A word-for-word copy of the data, with no images, is the required answer.

[Web page caption snippets]
::::::

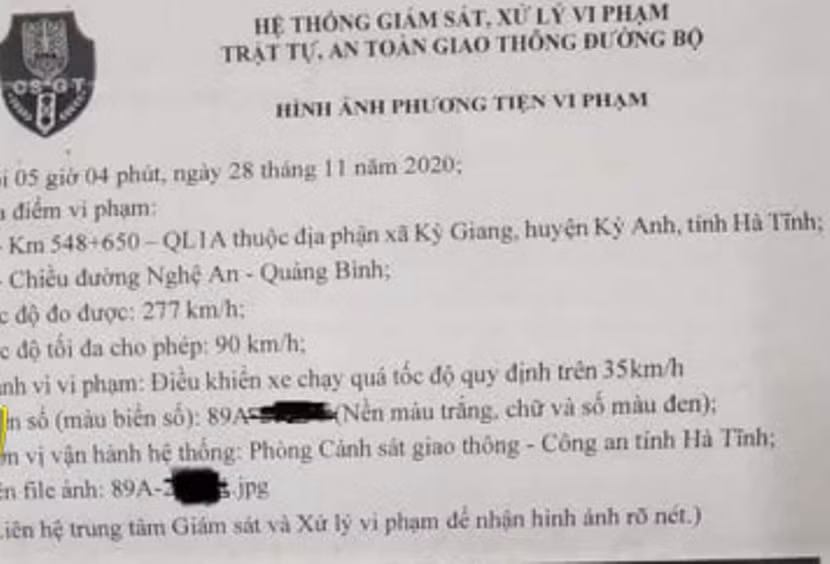 Thông báo phạt nguội của CSGT bị chỉnh sửa phần tốc độ vi phạm của xe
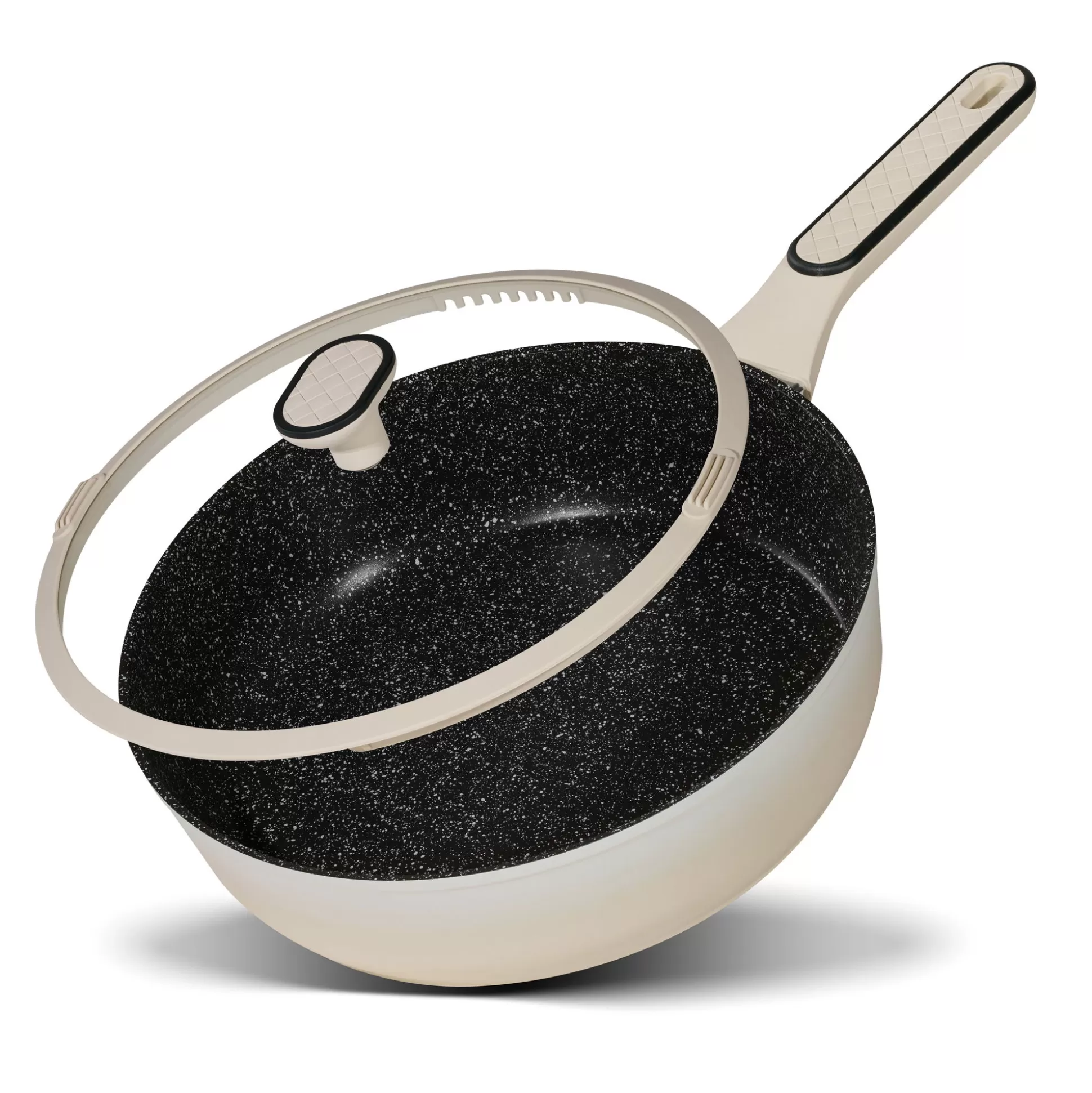 Braising Pans | STONELINE Deep Frying Pan 28 cm Cream | with Glass Lid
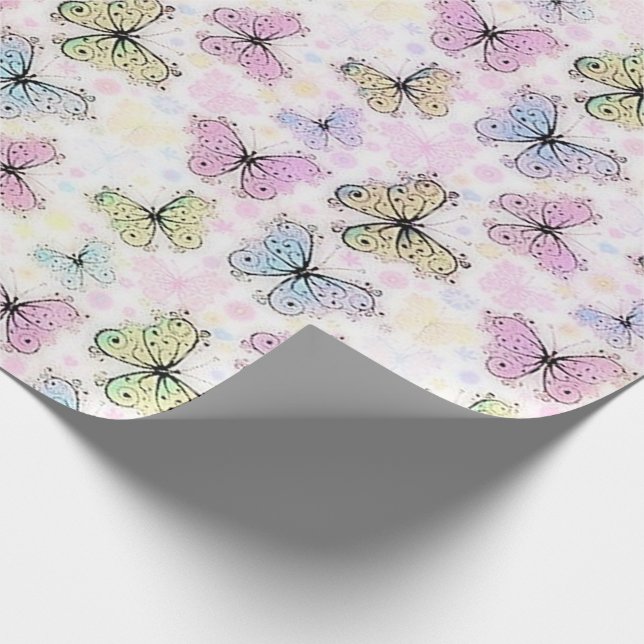 pastel butterflies wrapping paper (Corner)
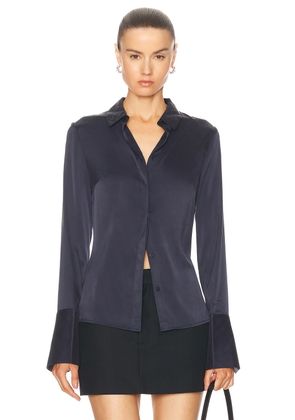 St. Agni Soft Silk Shirt in Inkwell - Navy. Size L (also in M, XS).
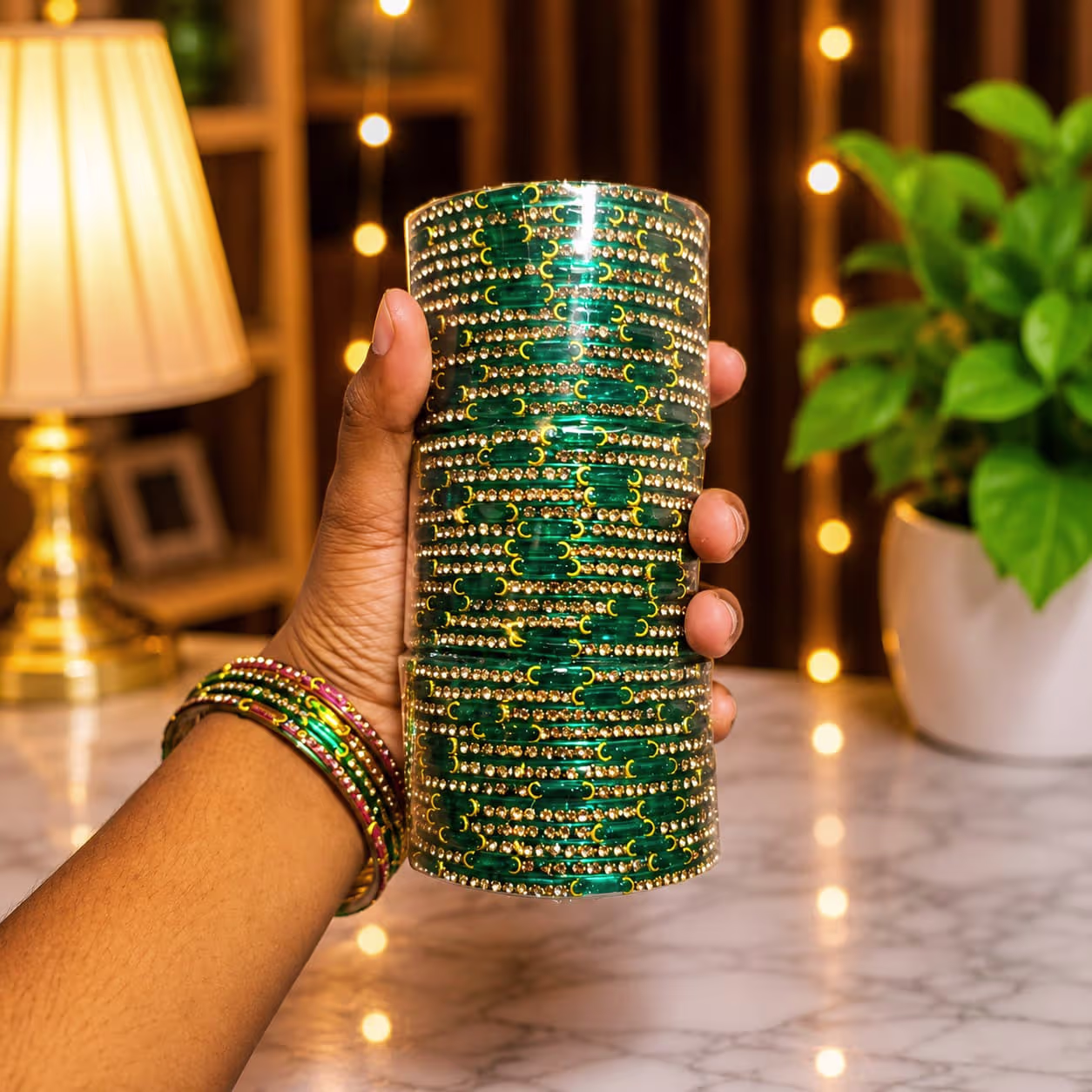 eenbukgxequblyj4wvbe Raindrop Rainbow glass bangles with stone work.premium quality 12 piece multicolor churi Green - Image 1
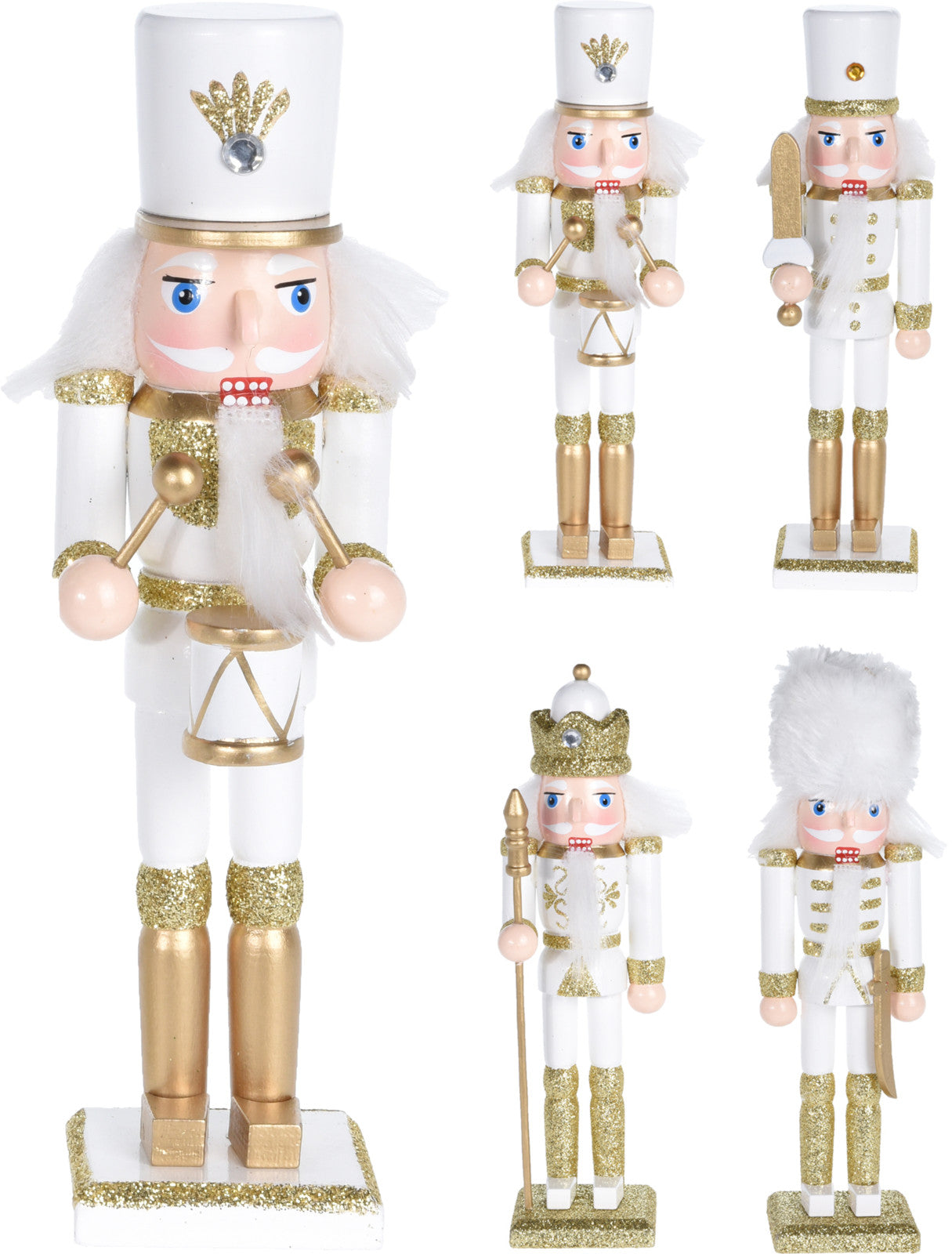 QUEBRA-NOZES BRANCO/DOURADO 18Cm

::::::

[SOLUTION TO THIS EXERCISE]
 Thông báo phạt nguội của CSGT bị chỉnh sửa phần tốc độ vi phạm của xe
 Braising Pans | STONELINE Deep Frying Pan 28 cm Cream | with Glass Lid
 pastel butterflies wrapping paper (Corner)
 St. Agni Soft Silk Shirt in Inkwell - Navy. Size L (also in M, XS).
 eenbukgxequblyj4wvbe Raindrop Rainbow glass bangles with stone work.premium quality 12 piece multicolor churi Green - Image 1
 QUEBRA-NOZES BRANCO/DOURADO 18Cm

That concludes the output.